WHAT IS EXPECTED
Reproduce each record verbatim, images excluded.

Pictures with short captions
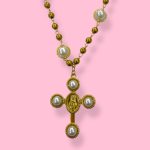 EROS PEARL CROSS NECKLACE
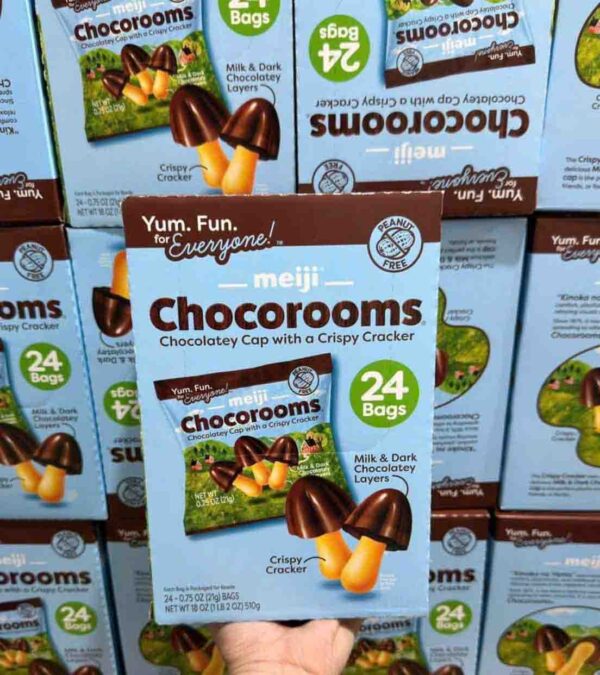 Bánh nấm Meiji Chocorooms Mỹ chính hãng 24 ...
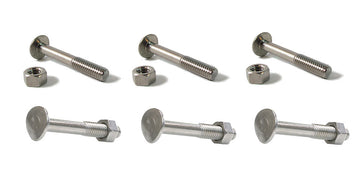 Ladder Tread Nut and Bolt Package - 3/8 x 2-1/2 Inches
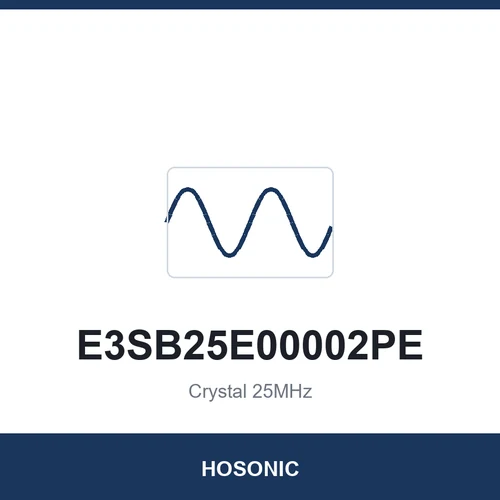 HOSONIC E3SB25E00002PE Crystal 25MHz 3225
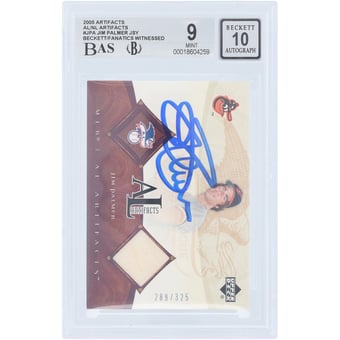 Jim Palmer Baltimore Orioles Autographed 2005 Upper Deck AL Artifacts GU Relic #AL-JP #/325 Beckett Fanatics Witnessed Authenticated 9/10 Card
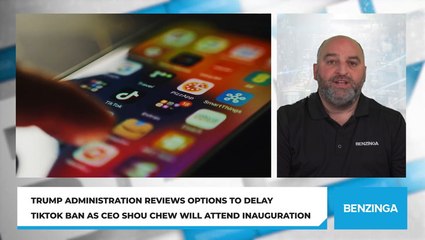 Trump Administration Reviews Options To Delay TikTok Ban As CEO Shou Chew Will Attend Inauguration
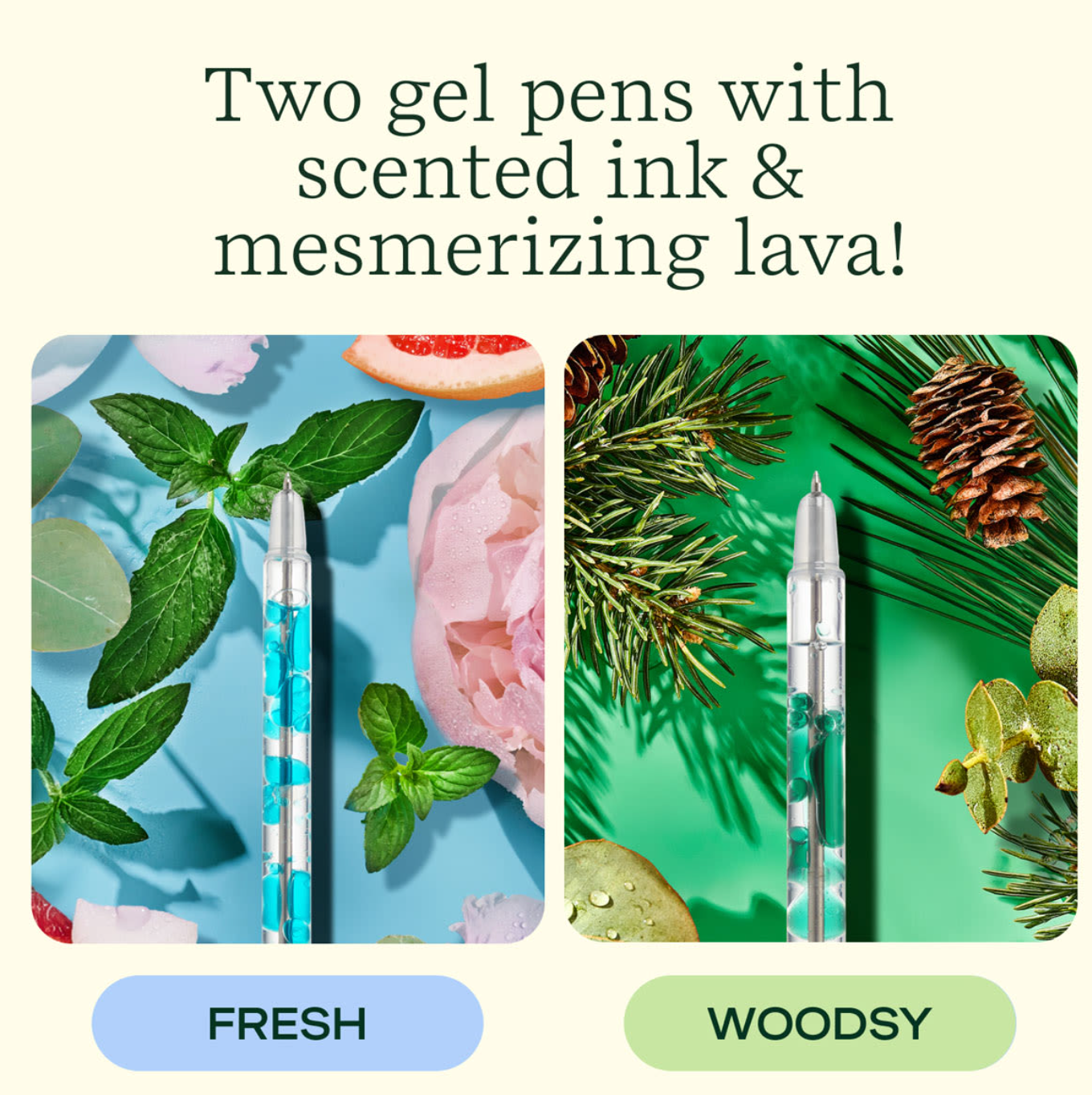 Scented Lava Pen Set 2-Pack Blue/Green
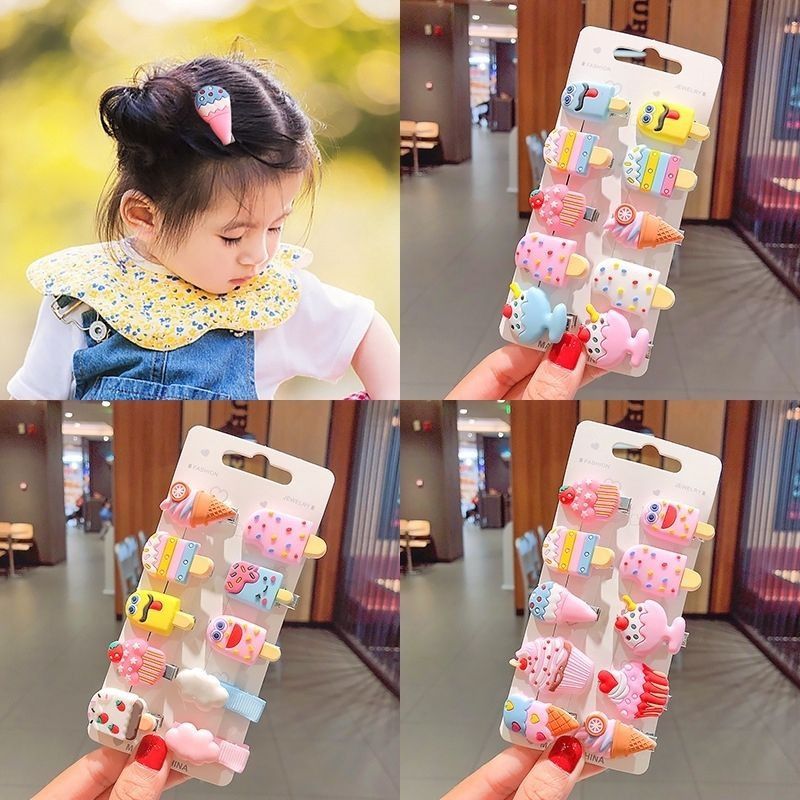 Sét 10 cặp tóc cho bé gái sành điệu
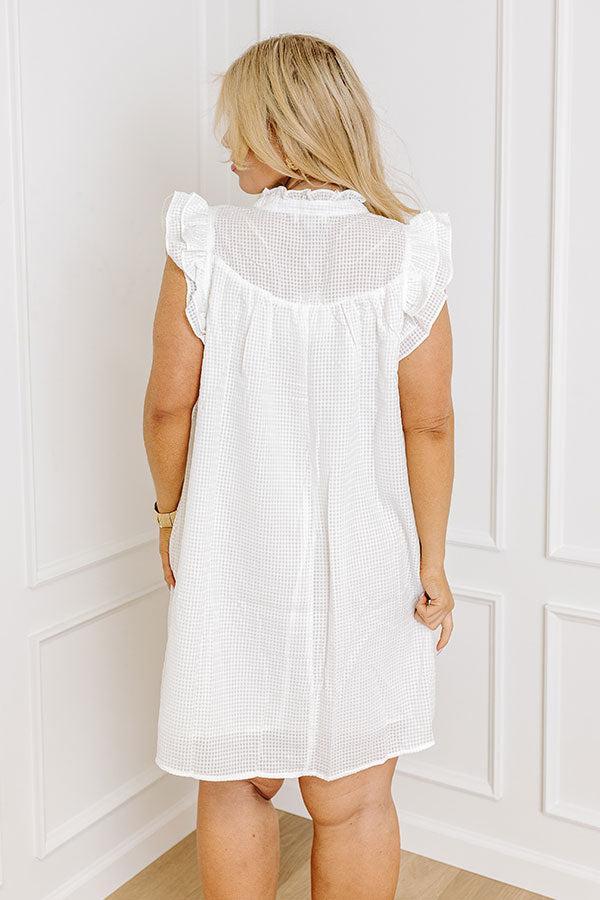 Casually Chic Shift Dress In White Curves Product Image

YOUR RESPONSE
 EROS PEARL CROSS NECKLACE
 Bánh nấm Meiji Chocorooms Mỹ chính hãng 24 ...
 Ladder Tread Nut and Bolt Package - 3/8 x 2-1/2 Inches
 HOSONIC E3SB25E00002PE Crystal 25MHz 3225
 Jim Palmer Baltimore Orioles Autographed 2005 Upper Deck AL Artifacts GU Relic #AL-JP #/325 Beckett Fanatics Witnessed Authenticated 9/10 Card
 Trump Administration Reviews Options To Delay TikTok Ban As CEO Shou Chew Will Attend Inauguration
 Scented Lava Pen Set 2-Pack Blue/Green
 Sét 10 cặp tóc cho bé gái sành điệu
 Casually Chic Shift Dress In White Curves Product Image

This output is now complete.